**** SOURCE MATERIAL ****

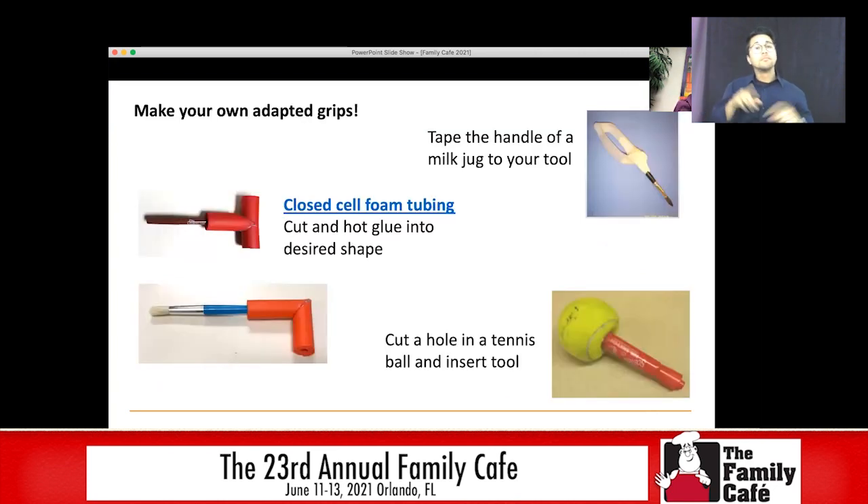You can also make your own adapted grips. Some that we've had really good luck with: take whatever your art tool is and cut off the handle of a milk jug or an orange juice jug. You can now put your hand in there and hold on to it really well — it makes it really easy to hold on to your tool. You can use a tennis ball and put a hole in it. You can get closed-cell tubing and cut it into whatever shape works for your student. Here I have another T-grip, and I can change out the art tool that's in it.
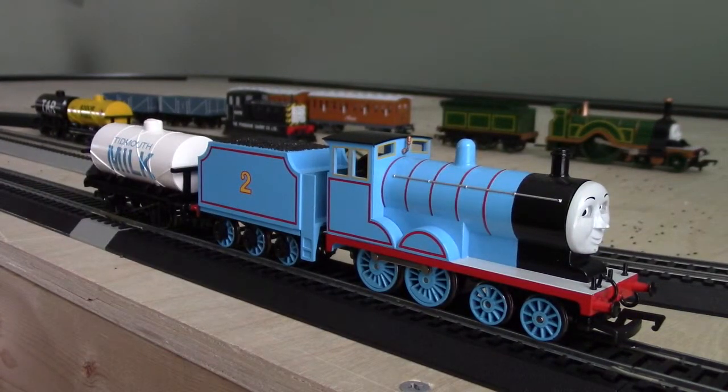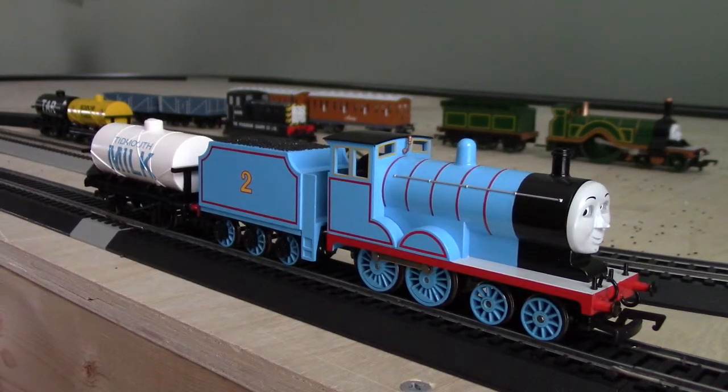So, that's my Botman Review on the Botman H.O. Scale Timoth Milk Tanker.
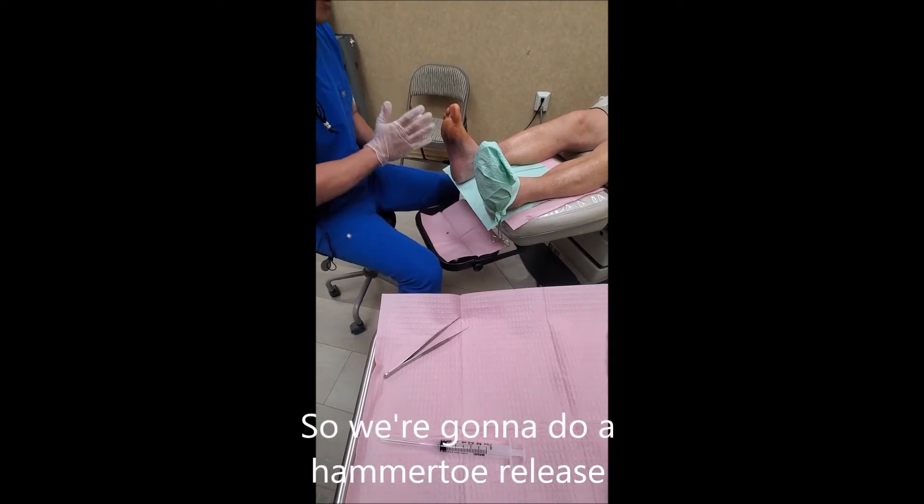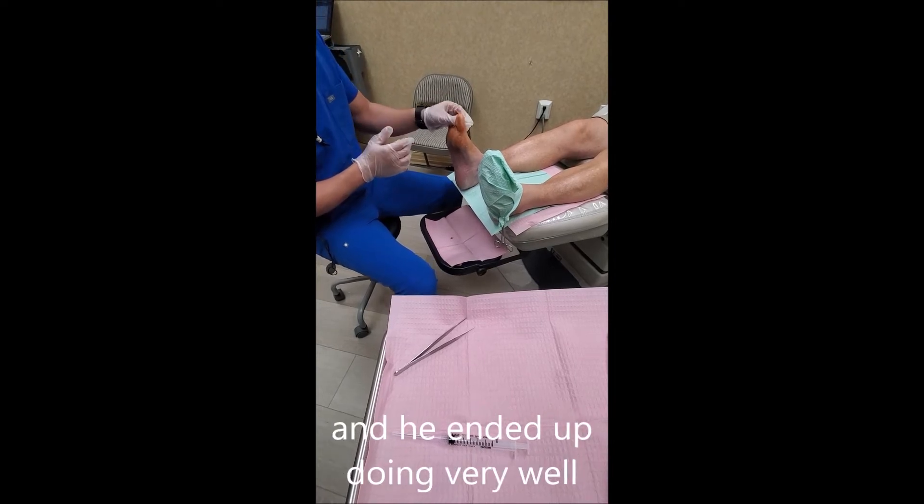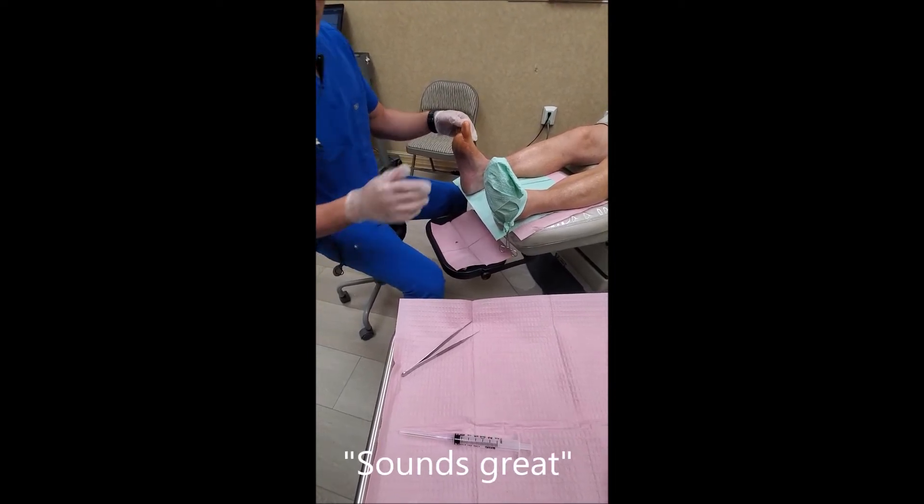We're going to do a hammer toe release — he's already numbed. We did it on the third toe in the past and it ended up doing very well; we're going to do the second toe. Let's do it.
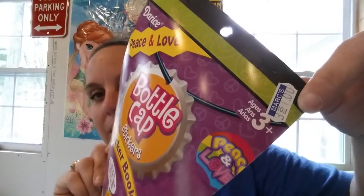Hey everyone, I am here to show you the Darice Bottle Cap Sticker Book which is Peace and Love is the theme for this one. This particular book you get 168 stickers and I got a really good deal on this one. I got it at my local Mark store, three for a dollar.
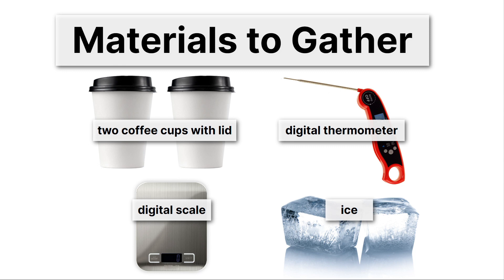Here are the materials to gather. If you're ready to continue with the lab, go ahead and pause the video, gather all these items, and then come back and finish the lesson. You might want to leave your ice in the freezer — that's probably a good idea. No need to melt it too soon.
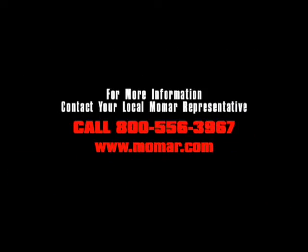Contact your local MoMA representative or contact us at 800-556-3967.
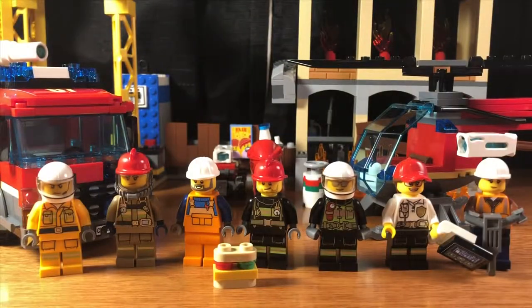Hey guys, Nick here with another video. Today we have the Downtown Fire Brigade set number 60216 with 943 pieces, ages 6 and up. It comes with 7 minifigures, 2 cars, 1 bike, and 1 helicopter.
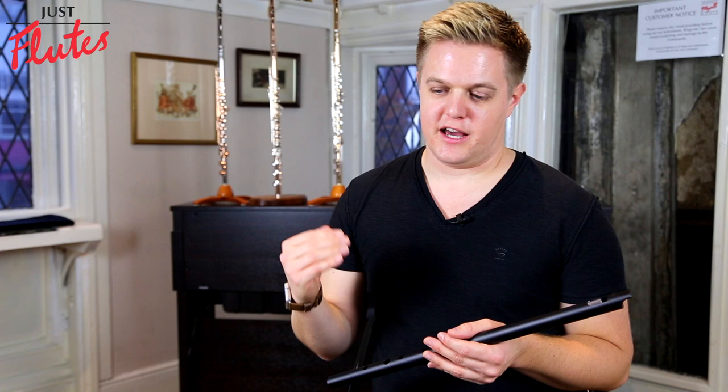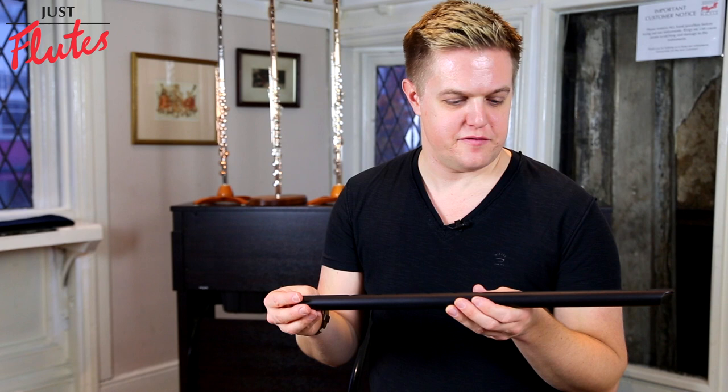In between the high D and the low D, the next most useful whistle to own would be a low F, because with a high D and low D you've got access to the most common keys you'd need for Irish music: D major, G major, E minor, A minor, B minor. And if we take an F whistle, that gives us access to some of those keys in between that are hard to get on an instrument with only six holes. So with an F whistle you've got F major, B flat major, C — it's much easier to get to all of those.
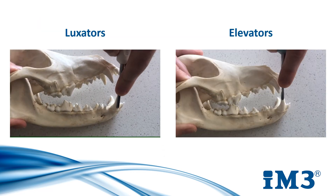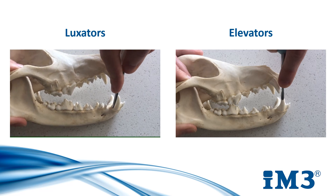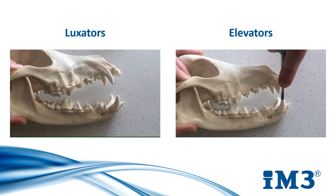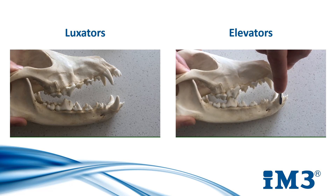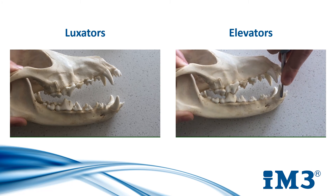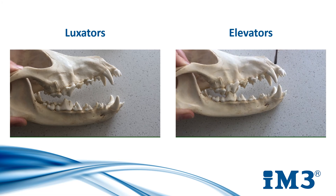Luxators are used by inserting straight down and pulling straight back up. They have a flat, sharp blade that cuts the periodontal ligament as they do so. You should do this around each face of the tooth. To elevate, the elevator is inserted straight down. A twisting pressure is then applied to the left for approximately 10 seconds before returning to a relaxed position and applying the pressure again to the right hand side. It is then returned to its middle position and pulled straight up. You do this on each face of the tooth also.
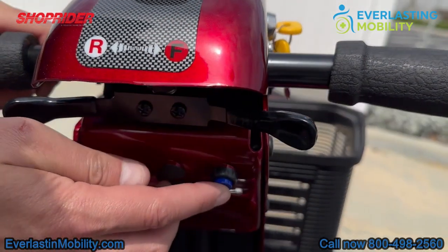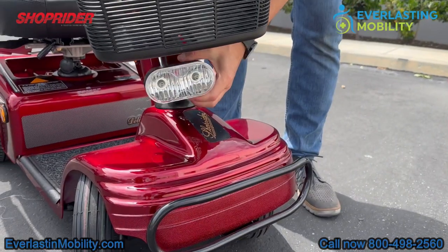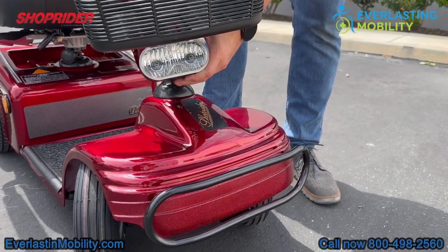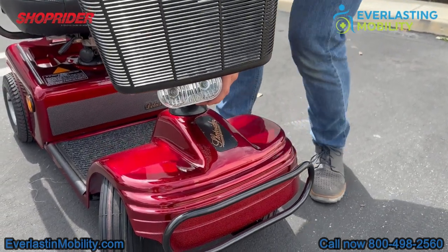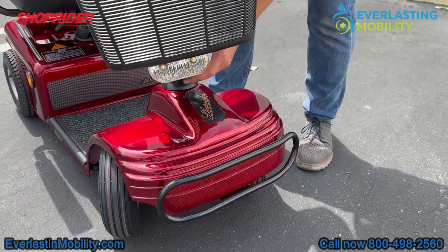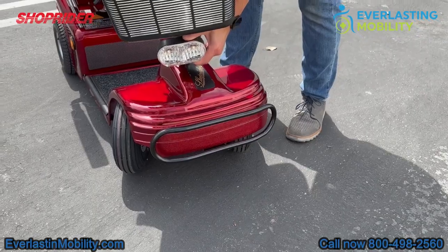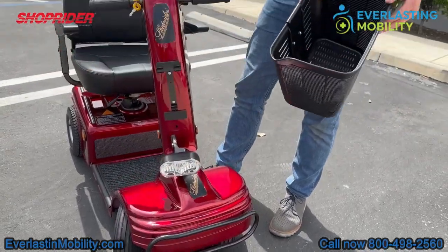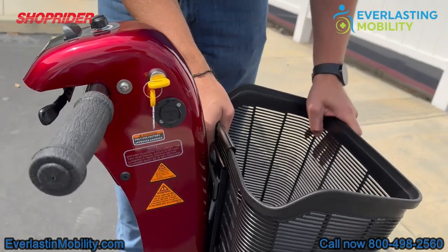This blue button is the front headlight and the yellow button is the horn. The headlight is adjustable up and down, and when turned on, it's a pretty bright light that illuminates the path in front of you — though it's hard to see in daylight. The front basket is also removable, it's large and has a lot of storage space, which is a nice convenient feature.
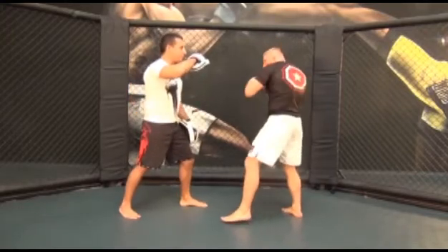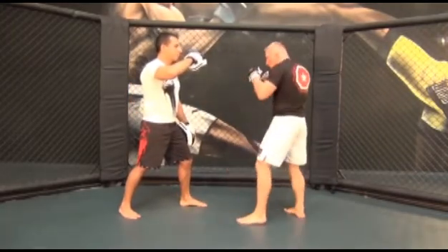Do not drop your hand straight down after connecting, but pull your hand straight back to your chin the way you threw it to avoid counters.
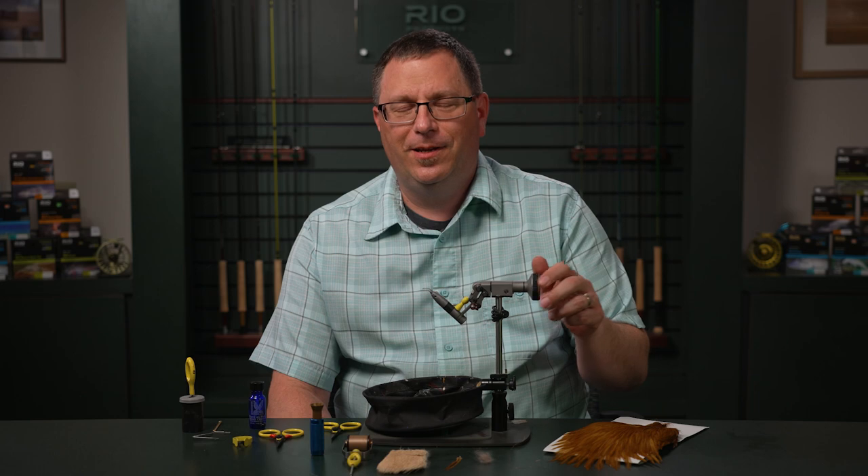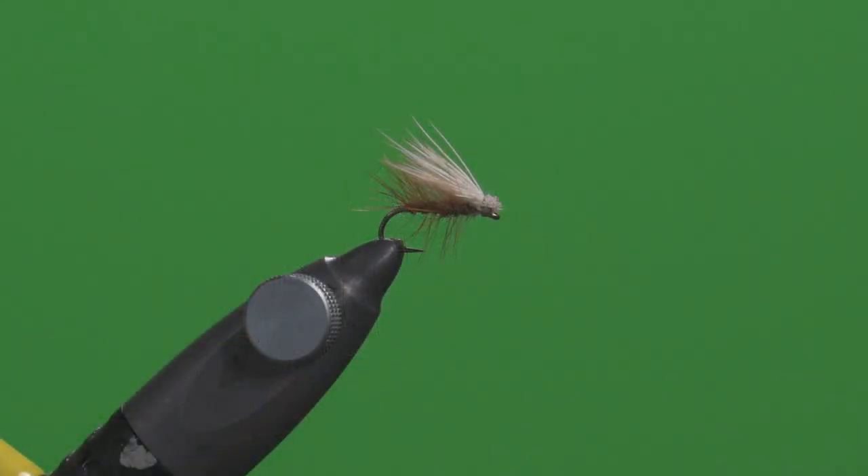Hi, this is Patrick Kilby with Rio Products. Welcome to another series in our Rio Tying the Fly. Up next, we have the Elk Hair Caddis.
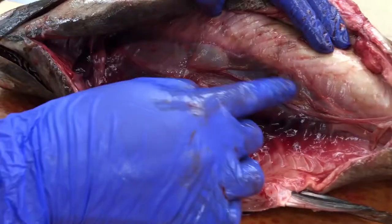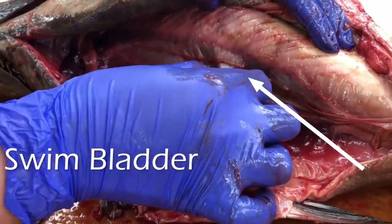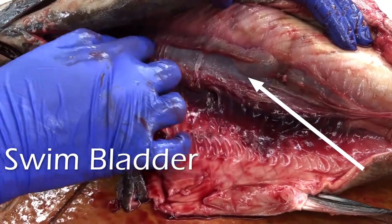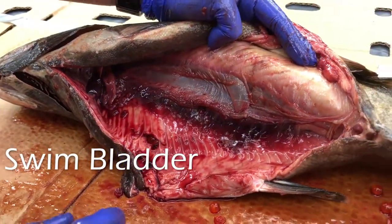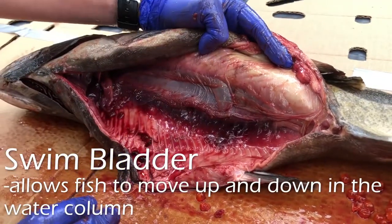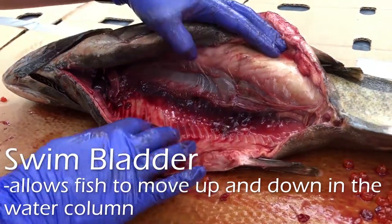Back here we have the swim bladder. You can see it's like a balloon — it's still got some air in it. The swim bladder is used for fish to go up and down in the water column. They will inflate it with air when they want to go up and then let some air out of it when they want to go down.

****

== ACTION ITEM ==
Reproduce exactly the lines above starting at the line containing "Contact your local" and ending at the line containing "Hey guys, Nick", including both, but not the pictures.

== SOLUTION TO THIS EXERCISE ==
Contact your local MoMA representative or contact us at 800-556-3967.
Hey guys, Nick here with another video. Today we have the Downtown Fire Brigade set number 60216 with 943 pieces, ages 6 and up. It comes with 7 minifigures, 2 cars, 1 bike, and 1 helicopter.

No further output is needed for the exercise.